A Comparative Analysis of Pre-processed Data Debiasing of a Mathematical and SimSeed Approach

1. Introduction

In a world where bias is a growing concern, datasets, too, also have their own prejudice. In this review paper, we aim to compare the methods and results of two papers that preprocess data to mitigate bias: Identifying and Correcting Label Bias in Machine Learning—which re-weights labels or implicit weak supervision—and: Debiasing Made State-of-the-art Revisiting the Simple Seed-based Weak Supervision for Text Classification—which uses weak supervision and seed deletion [1].

Weak supervision is a machine-learning technique designed to address labeled data by assembling noisy estimates of labels from multiple sources, modeling inaccuracies, and combining them into high-quality pseudo labels for downstream tasks. However, despite success in various applications, weak supervision needs the perspective of fairness. It has been demonstrated through past research that weak supervision can produce unfair and biased outcomes, even when perfectly fair labels are achieved with ground truth labels.

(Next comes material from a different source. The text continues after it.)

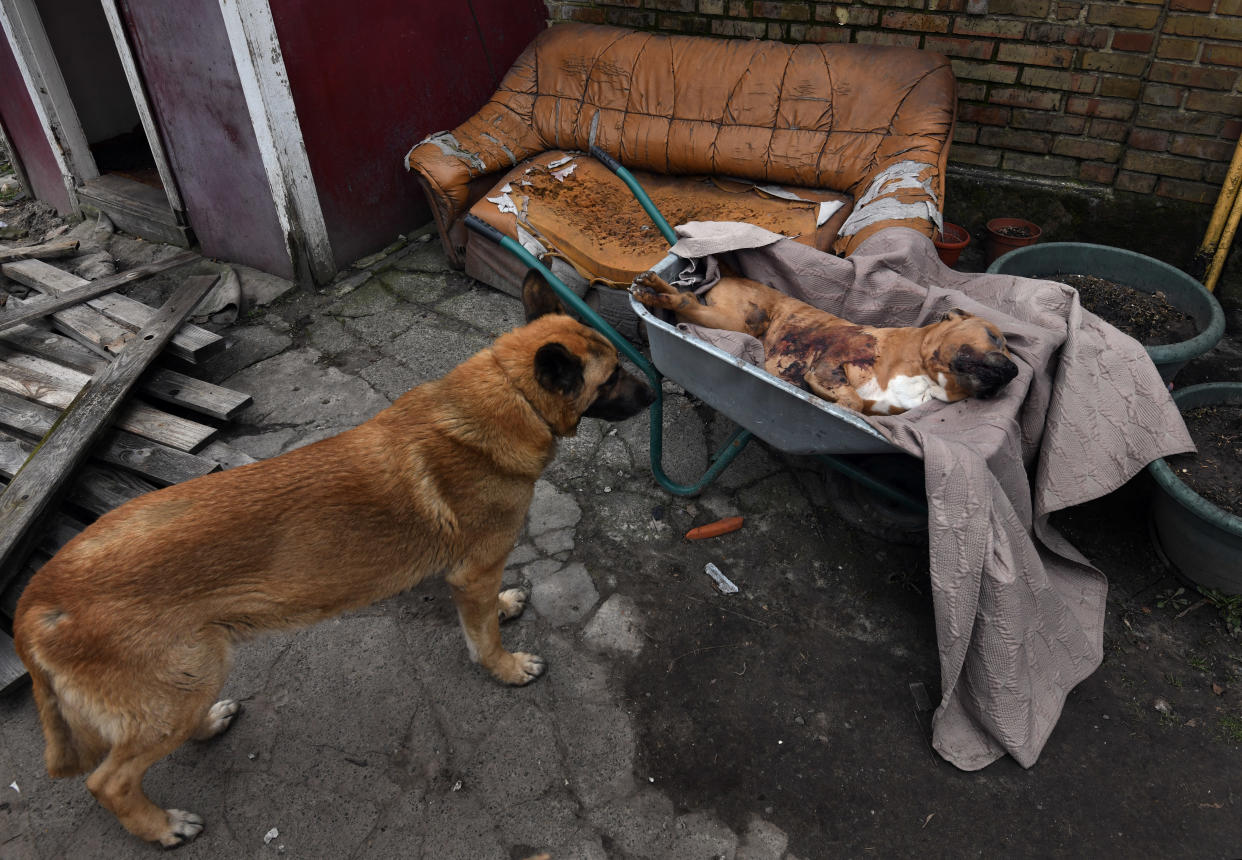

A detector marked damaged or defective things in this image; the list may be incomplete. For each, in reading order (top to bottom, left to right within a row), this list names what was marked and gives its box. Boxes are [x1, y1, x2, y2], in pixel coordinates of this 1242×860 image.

cracked pavement [2, 224, 1242, 855]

This motivates the need for more fairly specific approaches in weak supervision. As a result, this work creates a counterfactual, fairness-based technique that mitigates biases inherent in weak supervision by addressing unequal accuracy of label sources in groups (leading to improvements in fairness and accuracy). In addition, weak supervision models have raised concerns within real-world applications. Past studies exemplify the biases in past training data that often become reinforced with models that lead to unfair outcomes.

2. Methodology

2.1. Mathematical approach to reduce bias from Identifying and Correcting Label Bias in Machine Learning

The paper Identifying and Correcting Label Bias in Machine Learning employs a mathematical approach to reduce the likelihood of bias when handling data. Its core method—re-weighting data—works to correct biases by approximating what the true labels would be if there were no inherent bias in the data [1].

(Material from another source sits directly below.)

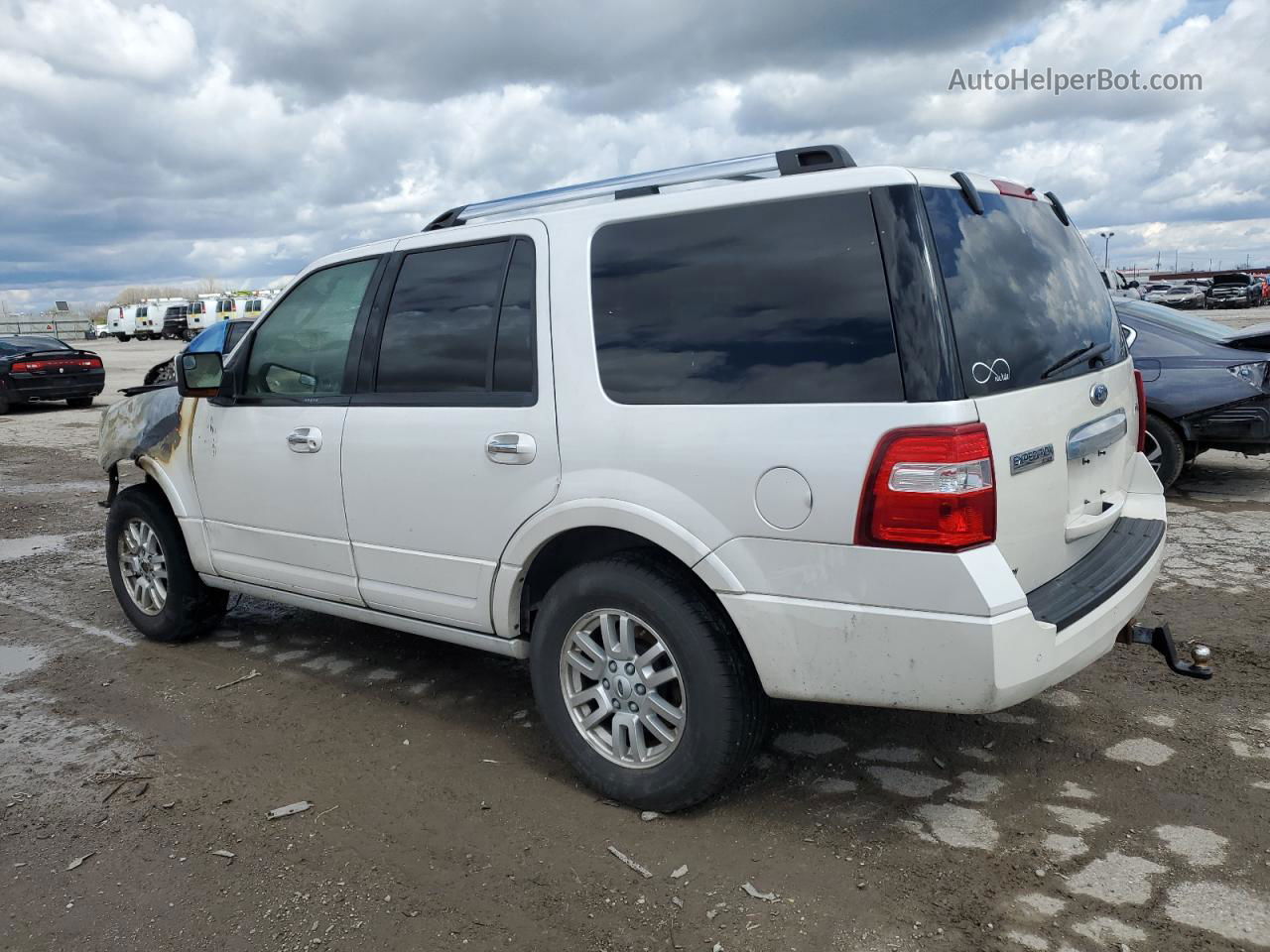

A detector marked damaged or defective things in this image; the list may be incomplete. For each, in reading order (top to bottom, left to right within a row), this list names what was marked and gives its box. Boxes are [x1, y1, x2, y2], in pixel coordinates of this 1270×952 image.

Here are the primary steps of the process:

1. Mathematical Formulation of Label Bias: The authors propose a model in which biased labels result from an agent aiming for accuracy but affected by inherent biases. They demonstrate that this bias can be expressed mathematically, which allows for adjustments to the weights of training samples without altering the labels themselves. Also, the author assumes there is a true label in the dataset, and it can be represented from a transformation of this function. The Kullback-Leibler divergence can measure the difference between the observed error labels and the assumed real labels.

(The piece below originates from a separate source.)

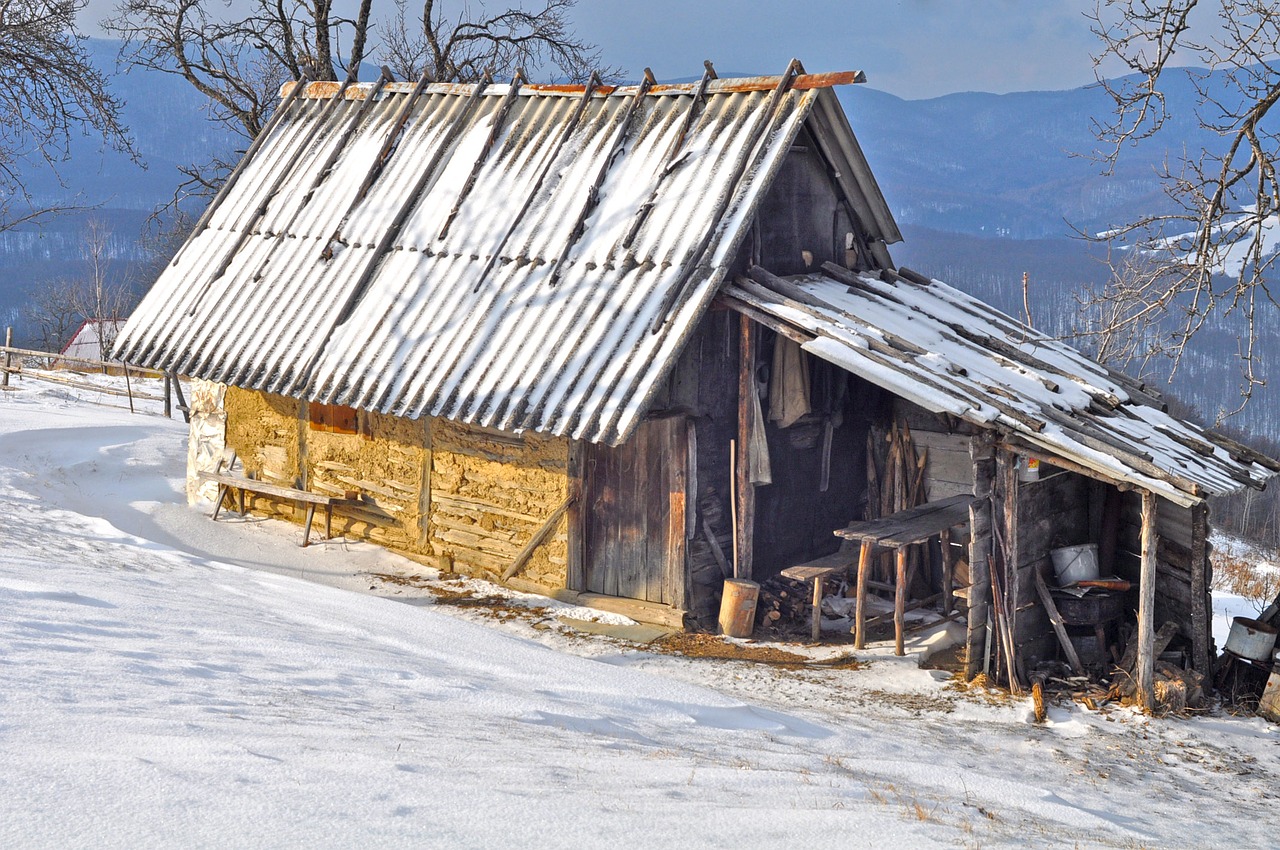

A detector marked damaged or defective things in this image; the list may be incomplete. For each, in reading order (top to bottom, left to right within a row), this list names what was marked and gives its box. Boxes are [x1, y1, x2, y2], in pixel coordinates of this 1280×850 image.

rusty ridge cap [275, 69, 865, 102]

2. Re-weighting Mechanism: This key methodology applies derived formulas to re-weight data points, thereby approximating training on an unbiased version of the dataset. This ensures that models trained on these re-weighted samples align more closely with an unbiased classifier. When it comes to the advantages of using this method, it is compatible with the common algorithm we use daily.

3. Fairness Constraints: The approach incorporates various fairness concepts, such as demographic parity and equal opportunity, directly into the optimization process through a penalty system. The authors also compare this method to traditional post-processing fairness adjustments and alternative techniques like the Lagrangian approach. Specifically, the fairness constraints achieve its objective by introducing a penalty system. This can make sure the model can take fairness as a factor while training. The article also compares the traditional method and the one we are using now, showing how this approach can fulfill the requirements without sacrificing accuracy.

4. Iterative Training: The model iteratively updates both the weights and parameters based on any fairness constraint violations observed, continuing until a more balanced model is achieved. In this case, the experiments on several commonly used datasets, result shows that this technique can achieve a better balance between fairness and accuracy.

5. Empirical Evaluation: The method is tested on standard fairness benchmark datasets, with results showing that it often strikes a better balance between fairness and accuracy than other techniques.

In essence, this approach involves re-weighting data points through a derived formula that approximates training on unbiased labels. By directly integrating fairness constraints into the optimization process, this method enables the model to better balance fairness and accuracy through iterative adjustments based on fairness violations.

2.2. Simple Seed-based (SimSeed) approach to minimizing bias with seed removal

The methodology used in the essay Debiasing Made State-of-the-art: Revisiting the Simple Seed-based Weak Supervision for Text Classification focuses on debiasing the model for simple seed-based weak supervision for text classification. The core of its methodology is identifying the seeds and the deletion of the texts [2].

2.2.1. Seed matching

Seed matching is a simple form of weak supervision for text classification. There are pseudo-labels generated based on specific seed words within the text, and the texts are automatically labeled if they contain the seed words associated with that label. Though this method seems to be simple, the most disadvantage is the overreliance on the seed words, which makes the method susceptible to label bias.

2.2.2. Seed deletion

Seed deletion is the method introduced by the paper to mitigate the disadvantage of seed matching. Here, once a text is pseudo-labeled using seed words, those seed words are deliberately removed from the text before it is used for training the classifier. Thus, when the classifier is trained, it will not be affected by the seed words but will be encouraged to make generalizations of the text from features other than those specific seed words.

2.2.3. Random deletion

Besides seed deletion, random deletion is also implemented to further improve the model’s robustness. Since we cannot always know which words are seed words, randomly deleting words from the texts at a specified deletion ratio can help improve the model’s performance. The model will not only reduce its dependence on any specific words but will also learn to handle inputs with missing information, thereby improving robustness and reducing overfitting.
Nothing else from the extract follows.